L’une de ces intransigeantes le jugeait l’autre jour d’un mot cruel en parlant des habitudes d’une voisine : — « Ça sort à des heures impossibles, ça rentre on ne sait quand, ça va, on ne sait ou… des mœurs déplorables, des mœurs de bicyclistes quoi ! »

Ce que je crains moi, c’est que le règne de la pédale et du guidon ne nous fasse une génération de filles athlètes en bottes carrées, en jupon court et aux mains déformées.

Que deviendront les arts gracieux entre ces mains alourdies ? Que deviendront le piano, le pinceau et l’aiguille ! Que fera-t-on des livres et qu’adviendra-t-il de la science déjà si délaissée, si ignorée de la conversation !

Pauvre « conversation », toi à qui on dédia des livres au plus beau temps du règne de l’esprit ; toi qui fus le charme et l’ami de la beauté ; prestige et talisman, à quel degré d’oubli n’es-tu pas tombée !
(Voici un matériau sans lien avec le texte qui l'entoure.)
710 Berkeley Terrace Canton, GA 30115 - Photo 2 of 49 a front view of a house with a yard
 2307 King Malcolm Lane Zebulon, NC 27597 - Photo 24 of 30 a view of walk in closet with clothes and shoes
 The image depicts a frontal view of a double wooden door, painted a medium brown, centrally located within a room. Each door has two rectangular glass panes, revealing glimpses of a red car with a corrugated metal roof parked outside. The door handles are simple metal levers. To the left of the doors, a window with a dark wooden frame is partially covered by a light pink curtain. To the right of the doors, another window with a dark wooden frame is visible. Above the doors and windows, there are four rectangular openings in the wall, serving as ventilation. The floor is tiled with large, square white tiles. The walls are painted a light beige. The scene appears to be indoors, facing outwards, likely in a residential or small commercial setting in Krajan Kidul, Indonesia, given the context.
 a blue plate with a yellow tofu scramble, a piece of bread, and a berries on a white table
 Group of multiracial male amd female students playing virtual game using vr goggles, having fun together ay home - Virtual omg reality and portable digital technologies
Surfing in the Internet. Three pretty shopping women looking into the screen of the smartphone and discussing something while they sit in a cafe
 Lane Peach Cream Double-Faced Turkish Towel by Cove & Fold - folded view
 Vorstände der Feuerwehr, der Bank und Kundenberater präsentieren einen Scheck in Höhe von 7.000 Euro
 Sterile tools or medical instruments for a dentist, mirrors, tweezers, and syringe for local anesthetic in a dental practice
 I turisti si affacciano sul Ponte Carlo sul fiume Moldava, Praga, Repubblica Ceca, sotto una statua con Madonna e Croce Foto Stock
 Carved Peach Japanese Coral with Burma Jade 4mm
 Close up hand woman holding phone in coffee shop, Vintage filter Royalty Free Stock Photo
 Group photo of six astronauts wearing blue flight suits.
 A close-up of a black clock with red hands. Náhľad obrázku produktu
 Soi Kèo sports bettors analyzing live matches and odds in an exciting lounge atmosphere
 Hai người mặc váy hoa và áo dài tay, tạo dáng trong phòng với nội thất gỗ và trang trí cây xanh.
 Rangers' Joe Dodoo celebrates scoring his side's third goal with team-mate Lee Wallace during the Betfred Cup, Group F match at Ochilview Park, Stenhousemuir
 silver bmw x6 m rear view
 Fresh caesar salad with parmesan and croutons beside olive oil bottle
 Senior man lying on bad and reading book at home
Et quel pire sort t’attend encore, avec le démembrement des familles dont le culte du sport nous menace ! Te restera-t-il quelques partisans ? Subsistera-t-il quelques maisons où les amateurs du beau langage, les délicats de l’esprit te retrouveront honorée. Oui, sans doute et ces familles au sein desquelles l’art de la causerie intelligente aura été cultivé seront des oasis, derniers refuges des gens qui pensent au milieu du mécanisme universel.